おら 泣いてばっかりいて
栄ちゃんに借りた手ぬぐいが うちに何本もあんだよ
思えば栄二に足りなかったのはユーモアだ。世の不条理に効き目のある薬は笑い以外にないではないか。
さぶはさながら聖書的な「待ち続ける人」。そんなさぶに悪魔が取り憑いたかのように告白させる演出には驚いたが、結末では栄二に何も語らせなかった映画の方が好きだ。柳の枝をつかんでただ嗚咽する栄二の背中に語りかけるさぶ、これで涙腺は決壊しました😭
映画と原作は少し違っていた。小説では、栄二が石川島の人足寄場の体験を通して大きな視点を手にする所が描かれていた。
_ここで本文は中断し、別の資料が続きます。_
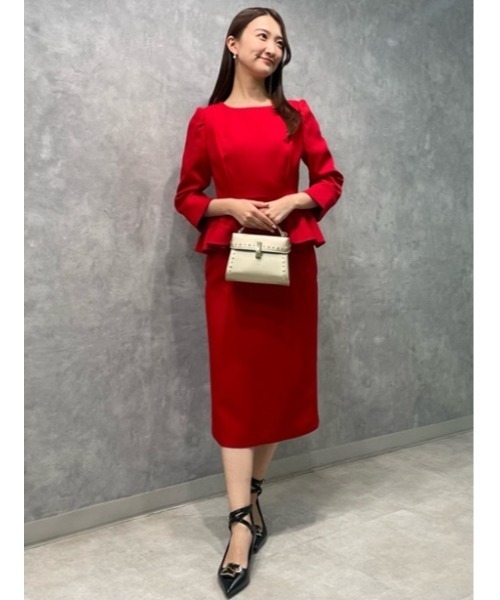 CELFORD（セルフォード）の「ロングスリーブペプラムタイトワンピース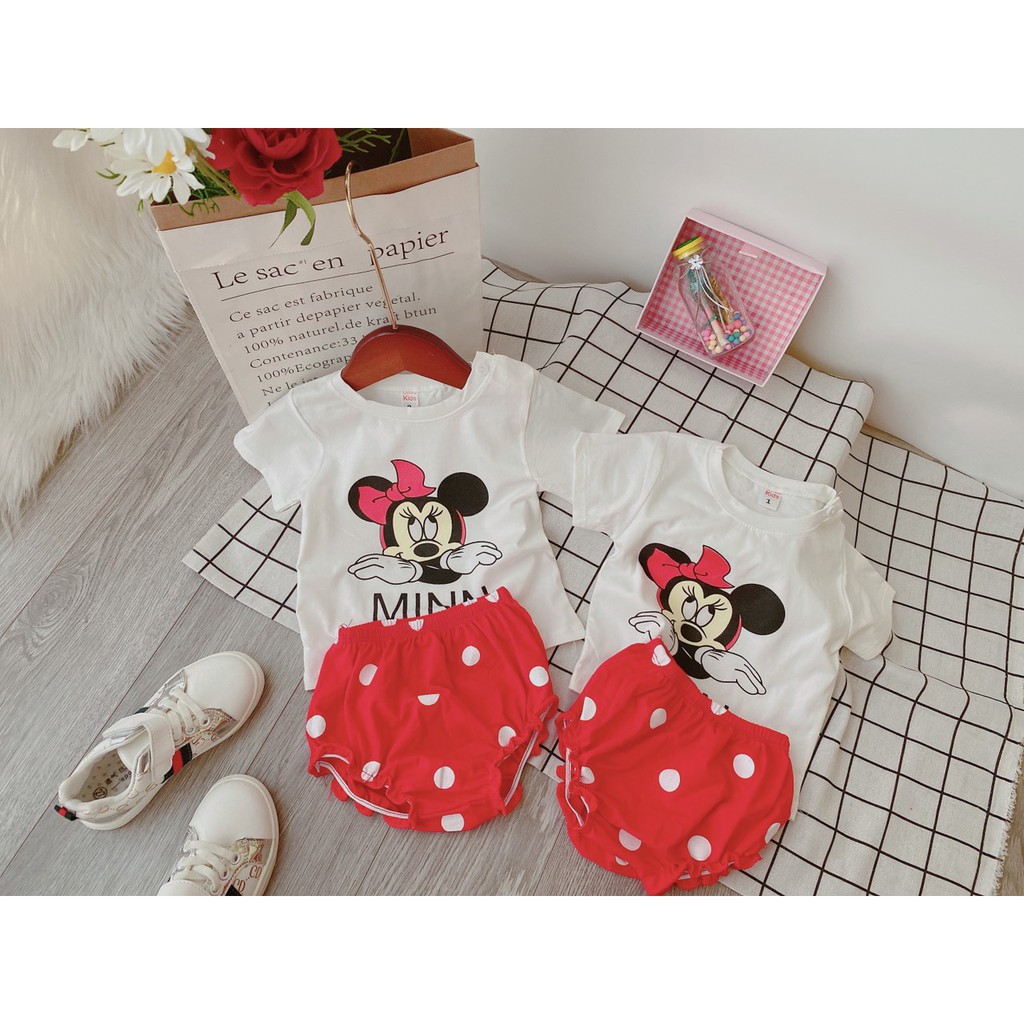 Set Áo Mickey Quần Chip Bi Đỏ Siêu Dễ Thương Cho Bé Unchi Store V315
スピでいうワンネスみたいな つながり感覚。
この世に完璧な人間など一人もいない、物事をやや狭く捉えがちだった人間が再起する。たった一度の挫折で物事を諦めていいはずがない。
この作品は友情などという言葉で片付けられる陳腐な話ではない。もっと、人が生きることの意味を極限まで見つめていた。人間はどこまでそこにいないものを信じることができるのか。信じ抜けるのか。待つ人がいる限り何度でも立ち上がることができる。人の生きる価値はそこにしかないのかもしれない。何度も勇気をもらえる作品。